Да, Серафима Петровна была из тех редких людей, которых хватает для всех, только не для себя. Она была учительницей, которая могла позвать своих учеников в морскую пучину или в жерло вулкана, и мы пошли бы за ней…
Жена нашего директора хотела отвезти Хрум-Хрума в детский дом. Куда там! Не взяли. «У нас, — сказали в детском доме, — и так переполнено. Дети спят по двое на одной кровати».
Обо всём этом мы узнали в школе, и вечером я рассказал дома. В тот день у отца была получка, и у нас был праздничный ужин: картошка с постным маслом, чай с сахаром и малай. Этот кукурузный малай был жёлтым и пушистым, как торт.
Честно говоря, я давно ждал отцовскую получку. Мне нужны были деньги…
В этом месте я на минуту остановлюсь, чтобы вы не подумали плохо: «Вот он какой! На отцовские деньги метил…» И всякое такое.
Знаете ли вы, что такое чернила, сделанные из сажи? Уверен, что вам такими не приходилось писать. А мы в те годы писали только самодельными чернилами. Были, правда, у нас чернила не только из сажи, но и из луковой кожуры. Но я, право, не знаю, какие из них были лучше, а вернее, хуже. Бумага у нас была такая, что по нынешним временам её забраковали бы даже для обёртки. А мы писали на такой — толстой, грубой, с примесью древесины, того и гляди, можно было занозу схватить.

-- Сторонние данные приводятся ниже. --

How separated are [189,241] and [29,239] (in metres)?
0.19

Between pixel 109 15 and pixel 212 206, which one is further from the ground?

Скажу ещё только про карандаши. Были они толстые и некрашеные: чуть начнёшь чинить, распадались на два желобка, а грифель вываливался. Мы эти карандаши обматывали нитками или проволокой.
Что говорить, письменные принадлежности того времени могли бы составить чудесную витрину в музее — в школьном таком музее, если бы он существовал. Пошли бы вы в такой музей, посмотрели бы, чем и на чём мы тогда писали, и не стали бы меня обвинять в том, что я ждал отцовских денег — купить на базаре хороший карандаш или пузырёк настоящих чернил. Но вышло всё по-другому.
После ужина отец достал из кармана деньги, дал их матери, а три десятирублёвки протянул мне.
— На, — сказал он. — Завтра отнесёшь в банк, заполнишь там маленький бланк и сдашь тридцать рублей. Сумеешь?
Я подумал, и мне стало не по себе. Понимаете, я многое мог: притащить два почти полных ведра воды из колонки, нарубить дрова, растопить печь — мало ли что. А вот там, где была касса, деньги, уплата, сдача, — я не мог. Я же мечтал быть моряком, а не бухгалтером или кассиром. Но в тот раз в разговоре с отцом я понимал, что он испытывает мой характер. Он мне всегда говорил: трудно — значит, интересно. И ещё он любил поговорку: «Капитан, море кончилось!» Да вы-то и не знаете этот его рассказ о том, как на одном корабле поставили к штурвалу молодого матроса, а он не умел управлять судном, упёрся в берег и закричал: «Капитан, море кончилось!»